I suddenly realised why it was so important for the state to cling onto this myth of Bharadwaj being a Maoist. That’s the only way they can lock away someone they fear even more – a democratic rights defender working within the purview of the law. Anyone who knows her, as I have for 35 years, knows that the charges are completely baseless. We have been close friends and, over the years, have been a part of the significant decisions in each other’s lives.
Sudha and I first met in 1984, and have remained friends since. It was an unlikely friendship. I was this chic Delhi University graduate who had joined JNU for an MA in Economics and would still party on Saturday nights with my Hindu college and Modern School friends.
Sudha was a sensitive and serious mathematics student from IIT Kanpur, with her captivating toothy smile and trademark earnestness. She had a remarkably grounded understanding of oppression and an endearing repertoire of protest music. While I was more inclined to discuss ideas of the European new radical left in all kinds of abstract ways, she was deeply grounded in the lives of the people she talked about. She dressed in kurtas and pants (never jeans!) or printed terrycot or polyester salwar kurtas, while I was a self-consciously big bindi, kohl-eyed ethnic-wearing sort. What a contrast we were in appearance and personality!

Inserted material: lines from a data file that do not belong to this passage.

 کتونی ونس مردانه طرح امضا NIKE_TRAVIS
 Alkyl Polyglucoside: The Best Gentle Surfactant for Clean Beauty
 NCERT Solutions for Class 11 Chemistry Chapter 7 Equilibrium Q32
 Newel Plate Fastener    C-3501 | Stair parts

Our meeting was accidental. She was my favourite professor’s daughter, whose home had become a refuge for us starving hostellers who loved the food she gave us, smuggled and by invitation!
Also read: Sudha Bharadwaj’s Daughter on What It’s Like to Be Under House Arrest
That was a heady time. 1984 was a year when two watershed events took place that would go on to become turning points in our lives: the anti-Sikh riots in Delhi and the Bhopal gas tragedy. Sudha and I became close in our journey to understand the political economy of India’s development and the importance of fighting oppression through democratic movements.

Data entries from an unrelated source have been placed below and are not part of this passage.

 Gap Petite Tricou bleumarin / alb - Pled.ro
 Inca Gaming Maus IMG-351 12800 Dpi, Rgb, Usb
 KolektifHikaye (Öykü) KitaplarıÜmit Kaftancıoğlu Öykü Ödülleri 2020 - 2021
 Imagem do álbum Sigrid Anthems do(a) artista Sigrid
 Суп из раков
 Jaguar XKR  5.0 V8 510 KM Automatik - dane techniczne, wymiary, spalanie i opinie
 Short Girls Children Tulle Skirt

In the late 1980s, we worked together with a group of nine or ten other students on a working-class newspaper called Baatcheet, which was entirely dependent on Sudha’s enormous energy and initiative. She was instrumental in helping me ground my abstract ideas, from the irrelevant hedonism of chai and cigarettes at campus dhabas to the more sobering reality of the lives of the working poor. She motivated us airy-fairy pseudo-intellectuals into communicating in a more relevant manner. We went together to Hoshangabad – I, for my MPhil fieldwork, and she to work on a rural education programme. We shared a house in Kishore Bharati for a year.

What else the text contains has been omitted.